So after being released from Dr Gray's, and after two more blood tests where my ALTs were not really doing very much, a decision was made for me to be admitted to the Royal Infirmary of Edinburgh for a Transjugular Liver Biopsy to be carried out.
My "admittance" to RIE was a joke. I was told to be there for 10am in the morning. On arrival I was told there was no bed for me and they didn't know when there would be one - other than some time that day.
I spent the day getting sorer and sorer and tireder and tireder. The room they put me in to wait was uncomfortable and not appropriate for sleeping. I ended up in the cafe where I could at least lean over the table which was a position which relieved the pain for me. By the time they phoned me at 3.30pm to tell me the doctor wanted to start my admission, I had been in tears several times. The whole situation was ridiculous.

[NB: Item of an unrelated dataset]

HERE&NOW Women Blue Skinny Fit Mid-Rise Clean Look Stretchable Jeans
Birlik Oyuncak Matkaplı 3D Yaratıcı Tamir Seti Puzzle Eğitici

So the doctor says "how are you?" and I burst into tears. Couldn't hold back the frustration and distress I was in. It was awful.
Then she says "I just need to take some blood" and I say "good luck with that one". Bless her, she told me she was pretty good at getting blood so don't worry about it. I said fine, but I'm just saying, its been a bit like getting it out of a stone.....
And then three more holes later, she's managed to get less than 1ml of blood out of me. Handed over to her colleague, who spent a while looking before stabbing and also used a butterfly needle instead of the canula the first one had tried to fit.
Then miracle of miracles, a bed was ready for me. And off I went, exhausted and emotionally drained - again.
The next day, I got my breakfast, and a visit from upon high, aka the consultant, and then I hung around waiting and waiting for my biopsy.
The biopsy itself was interesting. In a transjugular biopsy they insert a long needle into your jugular vein, and feed it down into your liver and remove a piece or two of tissue for analysis. I had to have this instead of a regular liver biopsy because my blood wasn't clotting properly and there was a risk of bleeding. With the transjugular option, any bleeding will be into the vein mainly so its a bit safer. I was awake for the procedure, although sedated and it was just a bit odd. There was a moment when I wasn't sure what was going on when my shoulder hurt a bit, but apparently that was when they actually removed the tissue, as the nerves from the liver are linked to the shoulder. Weird, but not painful or anything.
I made a good recovery and was discharged the next day - although I did have to wait for hours as my bloods weren't playing again.
The results of the biopsy weren't supportive of their diagnosis of Auto Immune Hepatitis. Apparently, my liver was cholestatically inflammed, and there was no scarring or other damage. Apparently with AIH, most people have some scarring by the time they have a biopsy.
So that was quite good. Away I go home, bloods twice per week and see what happens.
At this point my ALTs were around 913 and my bilirubin was still up over 100.
Sunday 20 September 2009
Thursday 10 September 2009
Tangent
This isn't about my liver. Today we went out in my Dad's boat, Eilean Longa. She's berthed at Hopeman, Moray and is a 19ft Fisherboat. She's lovely.
Anyway, today out we went - me, Dad, Chris (my husband) and Callum (my 4 yr old nephew) - with one fishing rod between us. Chris caught 3 mackerel, and one codling, plus Dad and Jill (my sister) also caught one codling each. Jill joined us halfway through the afternoon.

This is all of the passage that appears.